NBISweden / AGAT

Another Gtf/Gff Analysis Toolkit
GNU General Public License v3.0
467 stars 56 forks source link

agat_sp_complement_annotations.pl couldn't identify the same l1 feature #406

Closed ChihYingLu closed 1 year ago

ChihYingLu commented 1 year ago

Hi,

Thank you for developing the tool. I am quite new to this field so this might be a naive question, please help! I am trying to add gene models from one annotation (from reefgenomics.org, contains more l1 features) to another (from NCBI). However, the agat_sp_complement_annotations.pl function could not identify the l1 feature that shares the same CDS. For example:

in --ref ncbi_ref.gff: Picture1

in --add reefgenomics.gff3: 螢幕擷取畫面 2023-10-22 124712

For SpisGene6, the CDS have the same overlaps between the two GFF files (same l1 feature). However, when I used the agat_sp_complement_annotations.pl tools, it determines the two are different and adds the feature to the reference annotation (Actually, all the l1 features in the two GFF files are being identified as different).

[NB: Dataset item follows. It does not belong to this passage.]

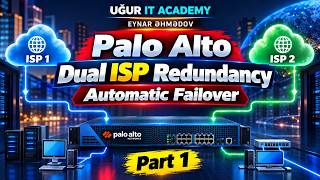 Palo Alto Dual ISP Redundancy | Automatic Failover | Part 1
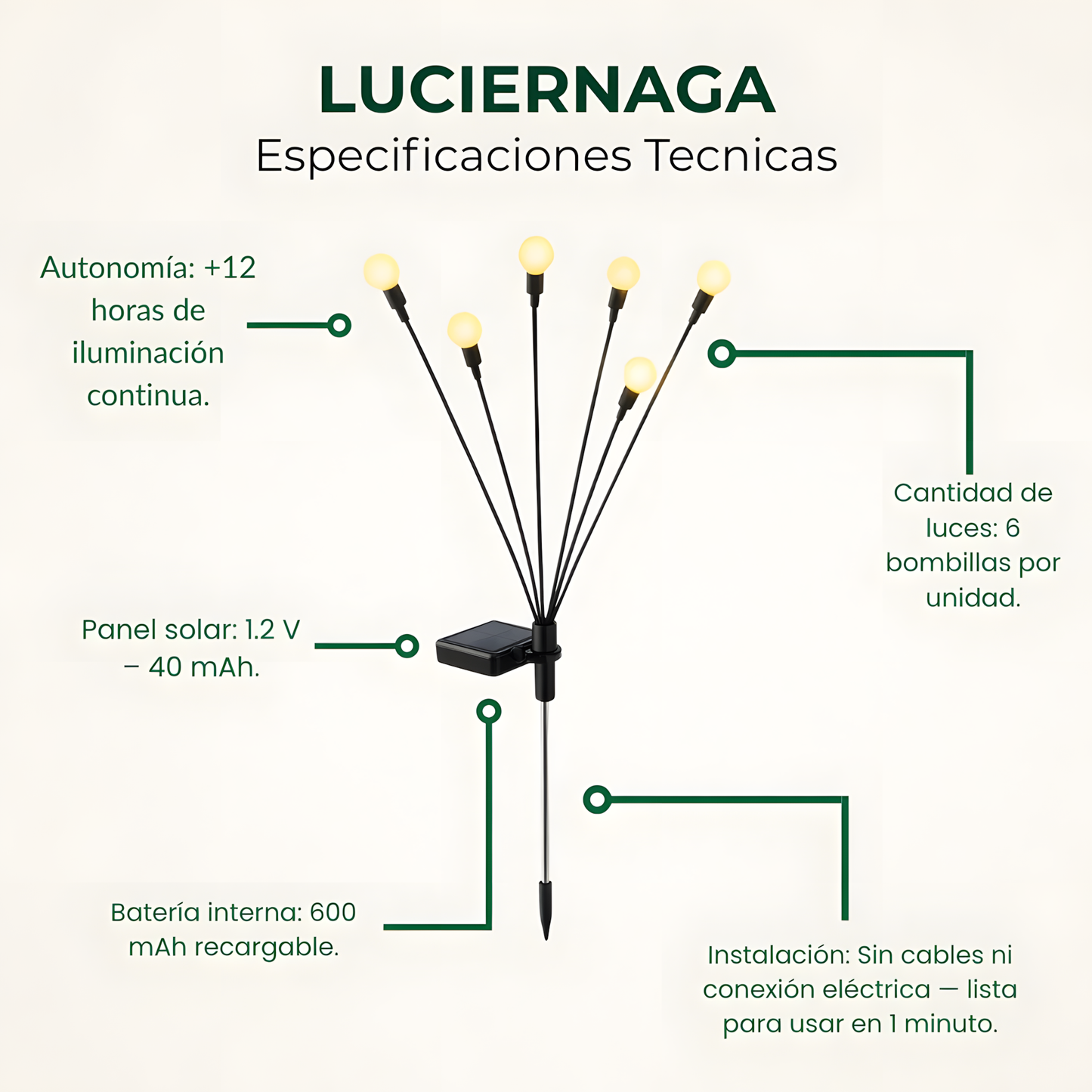 Luces SOLARES Luciernaga 💡- Raíces Libres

I noticed the contig names of the two GFF files are different. Could this be the reason why the l1 features with the same CDS are being identified as different? Thank you very much.

Juke34 commented 1 year ago

If you want to merge overlapping level1 features you must use ‘agat_sp_merge_annotations.p’ script instead. But yes the sequence name must be the same for the features. The merge is not based on their name but rather their location.

ChihYingLu commented 1 year ago

Hi Juke34,

Thank you for the fast response! I ran the "merge" function but still got a similar result. Then, I tried to fix the sequence name problem. After making sure that the sequence names between the two files are the same, I run the "merge" function again. This time the result is successful! thank you very much for your help!